By studying gene regulation in a tiny little fish, researchers believe they have identified a change in gene expression between humans and primates that may have helped give us this edge when it comes to walking upright. [iStock/Xrisca30]
By studying gene regulation in a tiny little fish, researchers believe they have identified a change in gene expression between humans and primates that may have helped give us this edge when it comes to walking upright. [iStock/Xrisca30]

Be it flat, arched, beautifully adorned, or Fred Flintstone-esque, the foot is a grand achievement of evolutionary engineering. The shift toward a flatter weight-bearing appendage not only afforded humans the ability to walk upright and bipedally; in a much broader sense allowed the species to traverse large distances more easily, ultimately leading to the migration of humans across the globe.

Researchers at the Stanford University School of Medicine and the HudsonAlpha Institute for Biotechnology in Huntsville, Alabama, have identified a variation in gene expression between humans and primates that may have aided early humans in the development of upright walking. Interestingly, the researchers' findings came about after studying variations among a tiny fish called the threespine stickleback, which has evolved radically different skeletal structures to match their different environments around the world.          

“It's somewhat unusual to have a research project that spans from fish all the way to humans, but it's clear that tweaking the expression levels of molecules called bone morphogenetic proteins can result in significant changes, not just in the skeletal armor of the stickleback, but also in the hind-limb development of humans and primates,” explained senior study author David Kingsley, Ph.D., HHMI researcher and professor of developmental biology at Stanford. “This change is likely part of the reason why we've evolved from having a grasping hind foot like a chimp to a weight-bearing structure that allows us to walk on two legs.”

The findings from this study were published recently in Cell through an article entitled “Evolving New Skeletal Traits by cis-Regulatory Changes in Bone Morphogenetic Proteins.”

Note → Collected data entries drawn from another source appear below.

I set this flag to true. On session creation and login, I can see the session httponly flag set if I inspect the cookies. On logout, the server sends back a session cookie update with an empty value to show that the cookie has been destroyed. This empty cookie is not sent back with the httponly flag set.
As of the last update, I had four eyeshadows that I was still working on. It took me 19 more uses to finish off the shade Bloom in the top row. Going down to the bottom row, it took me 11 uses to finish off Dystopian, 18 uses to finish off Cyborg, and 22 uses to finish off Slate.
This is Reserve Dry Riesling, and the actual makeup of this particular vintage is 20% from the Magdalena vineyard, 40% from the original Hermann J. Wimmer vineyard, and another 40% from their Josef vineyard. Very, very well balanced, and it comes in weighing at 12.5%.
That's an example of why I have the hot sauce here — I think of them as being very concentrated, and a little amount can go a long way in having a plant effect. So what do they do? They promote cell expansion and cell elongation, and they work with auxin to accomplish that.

The threespine stickleback is a remarkable little fish, having adapted many different body structures to equip it for life in various parts of the world. It sports an exterior of bony plates and spines that act as armor to protect it from predators; the plates are large and thick in marine environments, smaller and lighter in freshwater regions. Given these adaptations, the investigators looked to identify the areas within the fish's genome responsible for the skeletal differences that have evolved in natural populations.

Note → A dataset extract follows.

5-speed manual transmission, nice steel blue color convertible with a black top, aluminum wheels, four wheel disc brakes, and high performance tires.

Using 11 pairs of marine and freshwater fish with varying armor plate sizes, the scientists honed in on a region that includes the gene for a bone morphogenetic protein family member called GDF6. Due to changes in the regulatory DNA sequence near this gene, freshwater sticklebacks express higher levels of GDF6, while their saltwater cousins express less. Moreover, marine fish genetically engineered to contain the regulatory sequence of freshwater fish expressed higher levels of GDF6 and developed smaller armor plates.

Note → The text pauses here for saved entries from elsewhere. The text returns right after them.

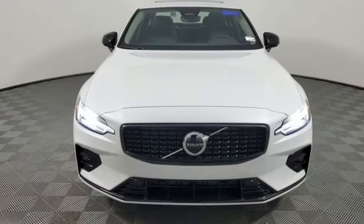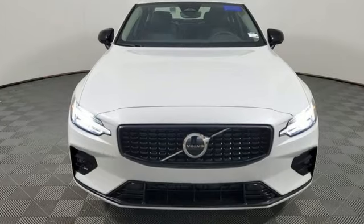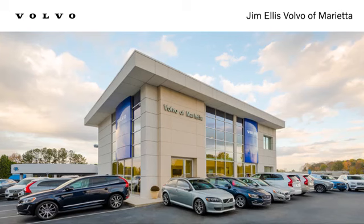Safety first — it's how Volvo rolls. Stop in for a test drive and make it yours today. We're conveniently located at 1195 Cobb Parkway South in Marietta.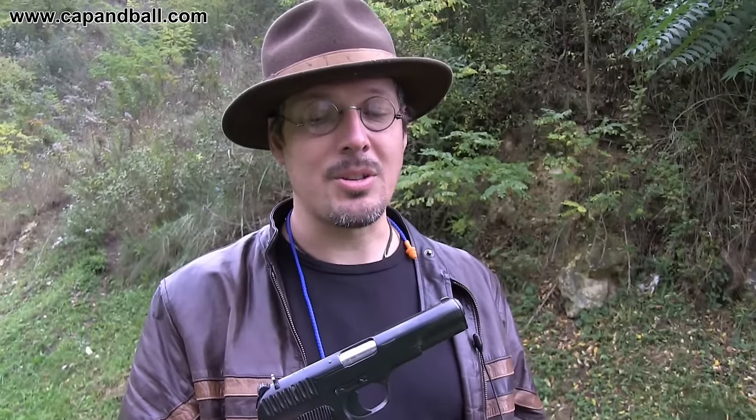The TT pistol is anything but comfortable, and from today's point of view it is absolutely outdated, but it plays an important part in firearms history, and it plays an important part in my country's history — so why not shoot it at the range?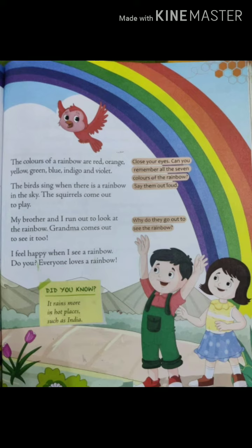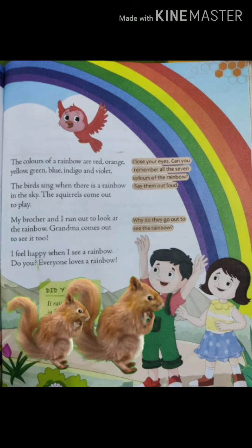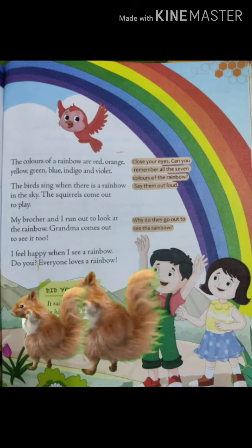The squirrels come out to play. My brother and I run out to look at the rainbow. Grandma comes out to see it too. I feel happy when I see a rainbow. Do you? Everyone loves a rainbow. So children, today we have done the simple reading of this chapter, The Rainbow.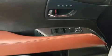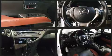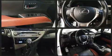All of the premium features expected of a Lexus are offered, including an automatic dimming rear-view mirror, a power rear cargo door, remote keyless entry, and power front seats.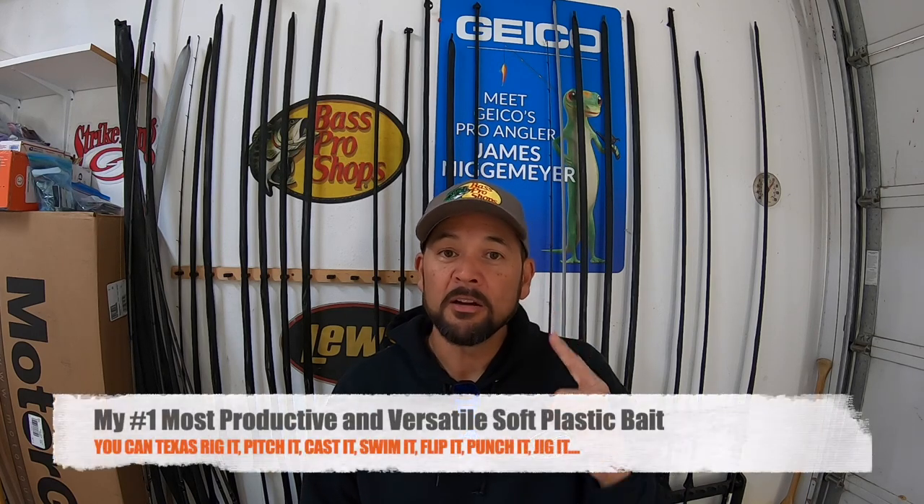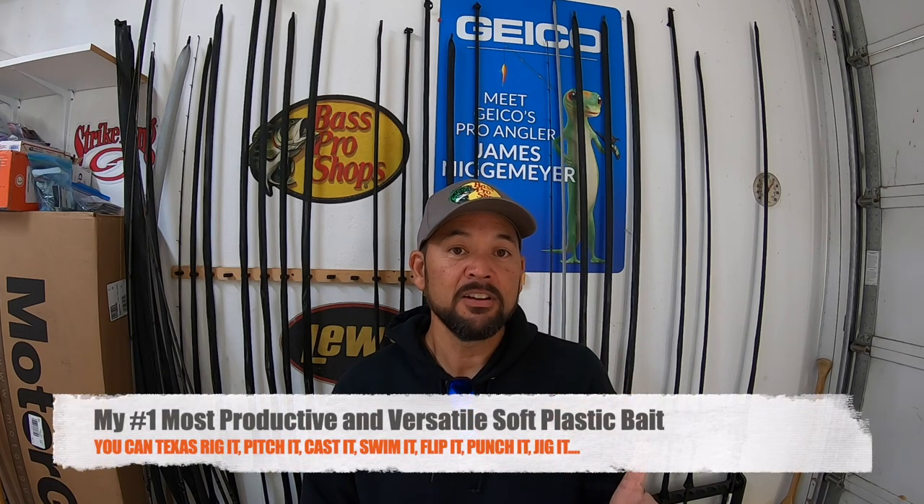Hey everyone, James Niggemeier here. Thank you for tuning back into my YouTube channel. Today I want to share my number one most productive and most versatile soft plastic bait that I keep in my boat. This is a bait that I've got to have quite a bit of. If I showed you the crate that I carry to tournaments of soft plastics, it would look pretty obnoxious. There are so many different shapes, so many different sizes, and so many colors — a wide variety of baits to choose from. The fish will dictate which ones they want day in, day out, and sometimes within the day.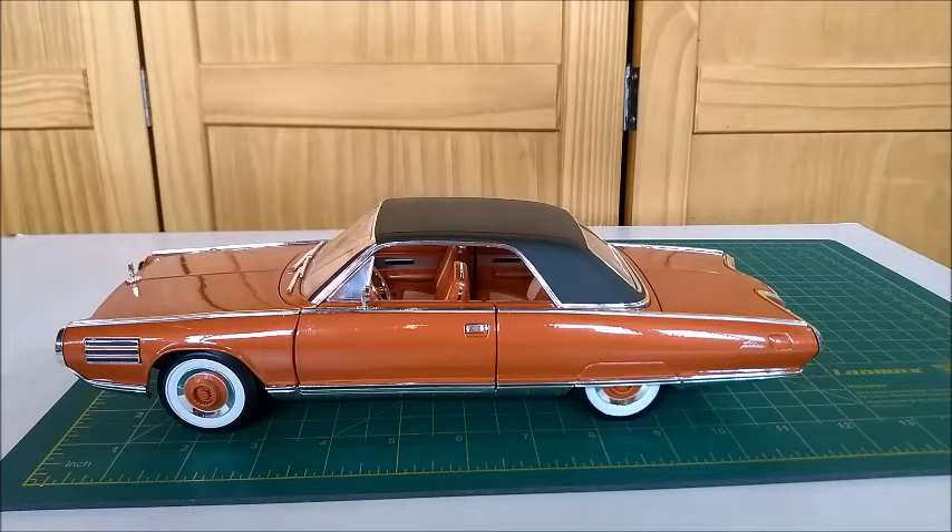Hi, everybody. Welcome to one more video in my diecast channel. In this video, I'm going to show you this 1963 Chrysler Turbine car, which is made by Yatming.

The researchers wondered whether changes in GDF6 expression levels might have also contributed to critical skeletal modifications during human evolution, so they began to compare differences in the genomes of chimps and humans. From previous studies, the research team found over 500 spots where humans have lost regulatory regions that are conserved in chimps and many other mammals. To their amazement, two of the regions occur near the GDF6 gene. 

“This regulatory information was shared through about 100 million years of evolution,” noted Dr. Kingsley. “And yet, surprisingly, this region is missing in humans.”

In order to learn more about what GDF6 might be controlling, the researchers used chimp regulatory DNA to control the production of a protein that was easy to visualize in mice. The researchers found that these genetically engineered mice strongly and specifically expressed the protein in their hind limbs and lateral toes, but not their forelimbs or the big toes of the hind limbs. Conversely, mice genetically engineered to lack the ability to produce GDF6 had skull bones that were smaller than normal, and their toes were shorter than those of their peers. Taken together, these findings provided insight that GDF6 might play a critical role in limb development and evolution.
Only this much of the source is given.